Ho dato molta attenzione alle note interne di Thomas Meyer per la recentissima monografia per Kairos R., dedicata al compositore svizzero Dominique Schafer, cercando di trovare corrispondenze tra il lavoro di interpretazione del librettista e del compositore, da traslare poi nel mondo dell'estetica dell'ascolto. Meyer ci sottopone un problema generale, un'insiemistica del comporre in agglomerazioni e un paio di riferimenti teorici: su Schafer solleva il problema dell'enfasi del tono, un concetto che a prima vista dovrebbe essere ampiamente superato nell'ottica della composizione attuale; le decostruzioni, i multifonici, la microtonalità e i significativi progressi dell'elettronica processuale hanno inferto un duro colpo alla composizione che si nutre delle geometrie del tono.

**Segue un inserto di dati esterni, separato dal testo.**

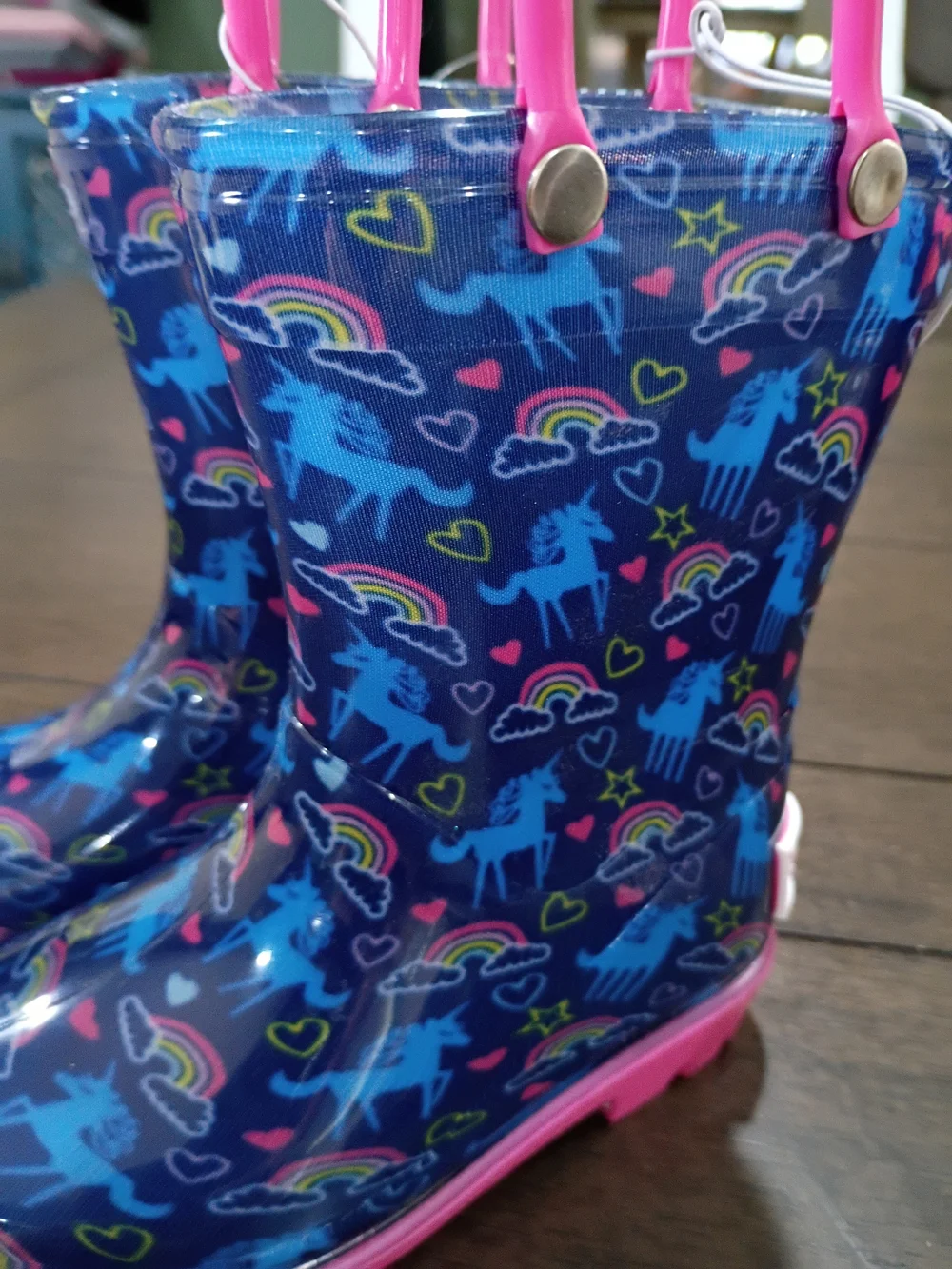 London Fog Kids Rain Boots - Navy with Pink Soles and Handles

Egli ritiene che da esso si può ancora costruire uno scenario compositivo ed arrivare ad una percezione sensoria che privilegi un'intento narrativo; aldilà dei discutibili ragionamenti che si possono fare su queste sottili linee della comprensione musicale, c'è un elemento dell'organizzazione del comporre che comunque viene affrontato da Schafer ed è l'abbinamento di tre gruppi di strumentazione che idealmente si staccano e si ricompongono nell'unità di un ensemble appositamente costruito con quell'idea: un classico piano trio con violino e cello, un trio debussiano (uno con la struttura tipica della sonata, flauto, viola ed arpa) e un trio misto da camera con oboe, clarinetti e tromba. 
Vers une présence réelle... (titolo del pezzo omonimo composto nel 2014 che apre la monografia) poggia visivamente e sostanzialmente nella tripartizione annunciata, come in una Gruppen ridotta molto all'osso e con uno spazio di compenetrazione spaziale nettamente inferiore ma utile per lo scambio musicale dei 9 elementi dell'Ensemble Proton Bern diretti da Matthias Kuhn (vedi qui la prima russa a San Pietroburgo; la composizione, naturalmente, non parla la lingua della classicità romantica o impressionista, e la presenza reale a cui allude Schafer si riferisce a quella situazione che si può provare nelle fasi in cui i nostri sensi (per un motivo specifico) restano confusi ma tendenzialmente pronti a rendersi chiari ed evidenti come dei colpi di spugna della ragione; i 15 minuti di questa esposizione incorporano molto bene queste gradazioni dei sensi e lo fanno passando attraverso un progetto cangiante dei suoni, dove la divisione dei trio gioca a favore della propria unità e rilievo delle proprie caratteristiche, ma anche con la prontezza di unirsi instantaneamente con il restante universo sonoro: con multifonici specifici, un pianoforte che proietta in clusters e accordi incidenti di percorso e tanta sonicità malversa sugli archi, caricati di enfasi atonale, Vers une présence réelle si ritaglia un bel posto nella composizione contemporanea, contribuendo a denotare lo stile dello svizzero, uno sguardo senza censure della realtà, realizzato con la ricetta e la forza dell'intrigo sonoro. 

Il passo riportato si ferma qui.